Sequential stratified inference for the mean

Abstract

We develop conservative tests for the mean of a bounded population using data from a stratified sample. The sample may be drawn sequentially, with or without replacement. The tests are "anytime valid," allowing optional stopping and continuation in each stratum. We call this combination of properties sequential, finite-sample, nonparametric validity. The methods express a hypothesis about the population mean as a union of intersection hypotheses describing within-stratum means. They test each intersection hypothesis using independent test supermartingales (TSMs) combined across strata by multiplication. The $P$-value of the global null hypothesis is then the maximum $P$-value of any intersection hypothesis in the union. This approach has three primary moving parts: (i) the rule for deciding which stratum to draw from next to test each intersection null, given the sample so far; (ii) the form of the TSM for each null in each stratum; and (iii) the method of combining evidence across strata. These choices interact. We examine the performance of a variety of rules with differing computational complexity.
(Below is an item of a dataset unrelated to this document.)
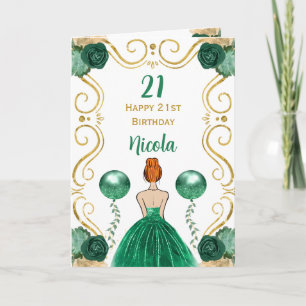 Red Hair Princess Green Happy Birthday Karte
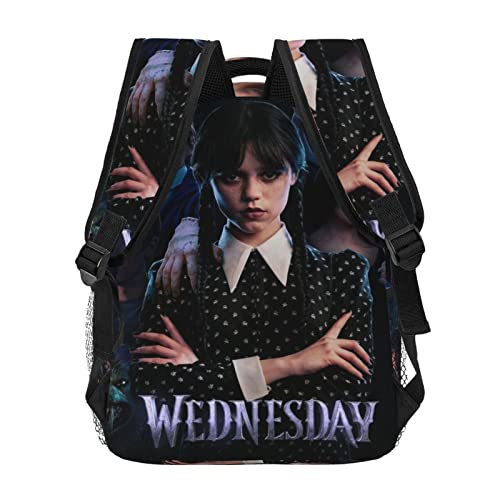 KADEUX Wednesday Movie Backpack 3d Printed Travel Backpack Casual Laptop Backpack Lightweight Multi-Function SchoolBag For Adult Youth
Approximately optimal methods have a prohibitive computational cost, while naive rules may be inconsistent -- they will never reject for some alternative populations, no matter how large the sample. We present a method that is statistically comparable to optimal methods in examples where optimal methods are computable, but computationally tractable for arbitrarily many strata. In numerical examples its expected sample size is substantially smaller than that of previous methods.